1) When the campus is authorized to make annual salary adjustments, the decision process is as follows: 

  1. The vice president for business affairs provides the president and vice presidents with relevant information from the ND Legislature and the SBHE, including any guidelines from the Chancellor and the Cabinet.
  2. The president and the vice presidents determine priority needs of the institution that require use of salary dollars. The president and vice presidents establish the guidelines for salary distribution, including:
    i) Amount required to meet mandates from the legislature or State Board of Higher Education.
    ii) Amount to be distributed across the board for cost of living (terminology is defined in Section E, below)
    iii) Amounts (if any) to be distributed for any or all of the following: contribution to mission and purpose, internal equity, market or external equity, faculty promotion in rank, or achievement of degree.
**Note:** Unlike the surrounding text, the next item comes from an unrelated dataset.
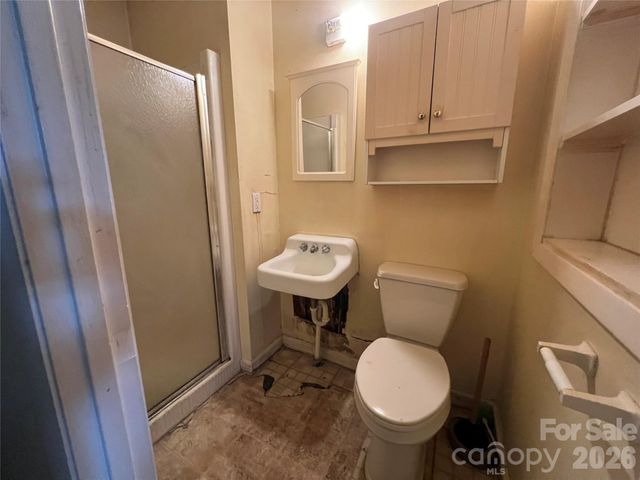 139 Vista Drive, Forest City, NC 28043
The director of Human Resources will make available market, retention, and internal equity data to assist in priority determination.
    iv) Instructions for supervisors regarding their input on individual salary adjustments
  3. The president informs the Faculty Budget and Salary Committee and Staff Senate of the guidelines, funds available, and priority needs and provides the Faculty Budget and Salary Committee and Staff Senate with an opportunity to offer relevant advice to the president and vice presidents.
  4. The president and vice presidents work with supervisors to ensure that any individual salary changes other than across-the-board are appropriate.
  5. The president considers Faculty Budget and Salary Committee and Staff Senate advice; vice presidential recommendations; market, retention, and internal equity data; and other input and approves salary increases for individuals.
  6. The president provides the faculty and staff with summary information regarding salary increase decisions.
  7. The president presents the university's budget to the SBHE. A copy of the approved budget is placed in the university library.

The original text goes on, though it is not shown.